I am tasked with creating a report using Excel with data coming from Access database. I am able to connect Excel to the Access database and view the data as-is. However, the data needs to be presented in such a way quite different from how the Access table is structured.

Here's simplified version of how the access table looks like:
NO___PRJNAME____YEAR__AMORT
001__Project A__2008__100,000
001__Project A__2009__200,000
001__Project A__2010__100,000
002__Project B__2007__400,000
002__Project B__2008__800,000
002__Project B__2009__800,000
002__Project B__2010__800,000
002__Project B__2011__400,000

Here's what the excel document should look like:
NO____PRJNAME_____2007______2008______2009______2010______2011___
001___Project A_____________100,000___200,000___200,000__________
002___Project B___400,000___800,000___800,000___800,000___400,000

The data in excel is refreshed automatically everytime it is opened to reflect any changes made to the data in the Access database. Is this possible at all? By the way I'm using Office 2007. Any help would be greatly appreciated.

- corix

----------


## ConneXionLost

Hi corix,

Welcome to the forum!

You can build an Access "CrossTab query" to manipulate the data into the layout you need, then connect your Excel spreadsheet to the Crosstab query as the data source instead of the table.

Cheers,

----------


## corix

Hi ConneXionLost,

Thanks for the quick reply. I'm not familiar with cross-tab query but I will look into it. I'll post again soon if I get stuck somewhere.
Again, thanks for the help.

- corix

----------


## corix

Hi, I'm back. So I created a crosstab query, saved the file and closed Access. Now when I try to look for the crosstab query in Excel (Data/Get External Data/From Access), all I see are tables and views inside my database. I don't see the crosstab query. What am I missing here?
 :Frown:

----------


## ConneXionLost

Small hiccup; Excel only sees tables and "Select" queries as data sources.  Not a problem, just create a select query that shows all the fields in your Xtab query, then use the select query as the data source.

----------


## corix

Thanks for bearing with me ConneXionLost. Ok, so I created a select query with all the data I need for the crosstab.. then I used it as the datasource.

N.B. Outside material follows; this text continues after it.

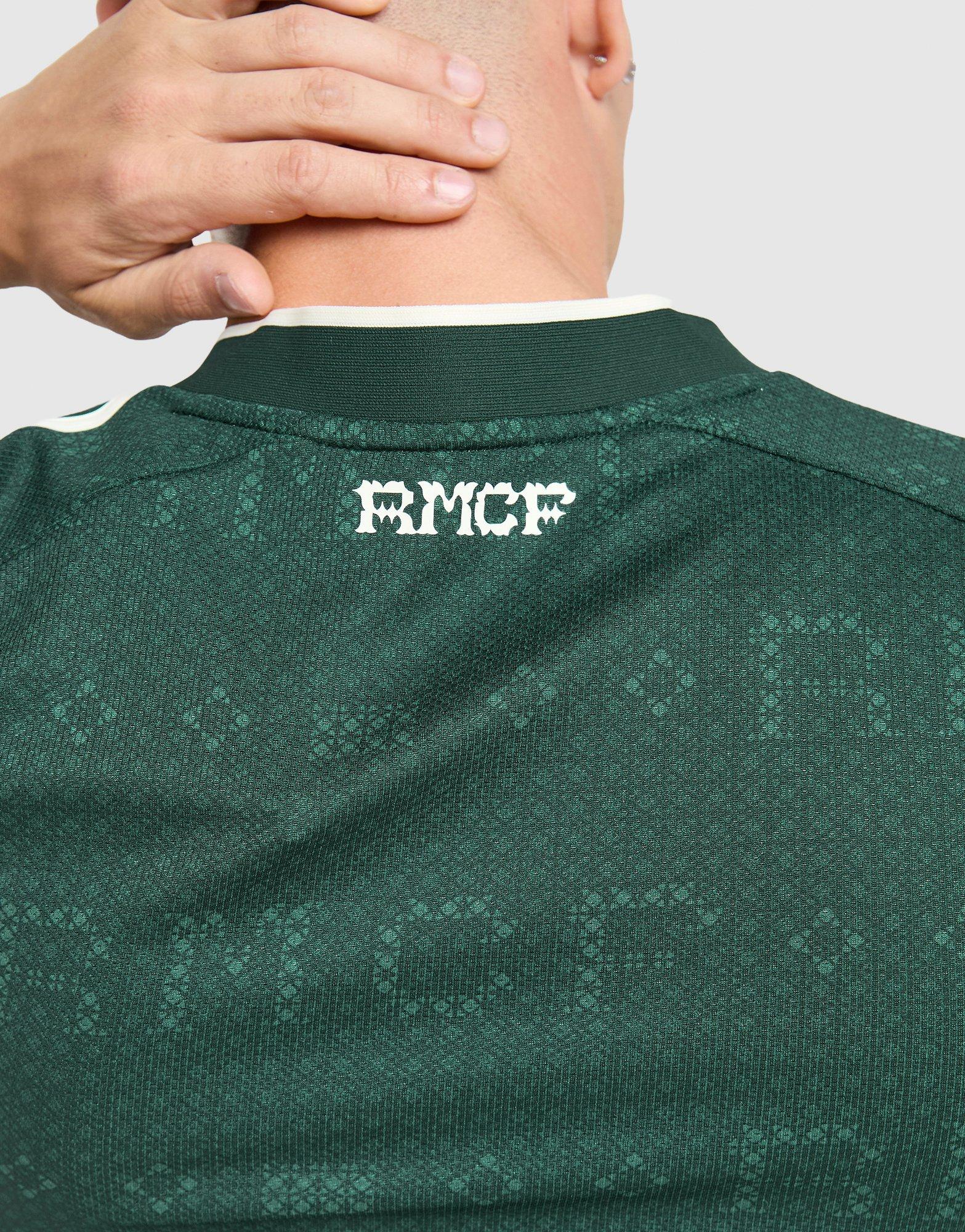 adidas Real Madrid 26/27 Away Jersey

So far so good.. What's the next step?
 :Confused:

----------


## ConneXionLost

Hi corix,

Sorry.  In answering your post, my response was directed at improving the presentation of the data, thus the crosstab query suggestion.  Unfortunately, I'm not familiar with the VBA required to open an Access database from an Excel workbook and "automatically refresh" your data.  

Perhaps you should start a new thread in the Excel Programming forum with the title "Refreshing Excel spreadsheet from an Access Database using VBA", or something similar.

As before, link to this thread so others will know the history of your question.

Cheers,

----------


## corix

Oh... That's just too bad.. I was hoping my situation would not warrant any coding specially in VBA. But if that's the only way to accomplish what I'm trying to do then I guess I have no choice. Still I'm hoping you or somebody here will still come up with a different solution later on.. Preferably a simpler one  :Roll Eyes (Sarcastic): 
Thanks again

----------


## teylyn

OP restarted thread in Excel forum. Thread closed.

----------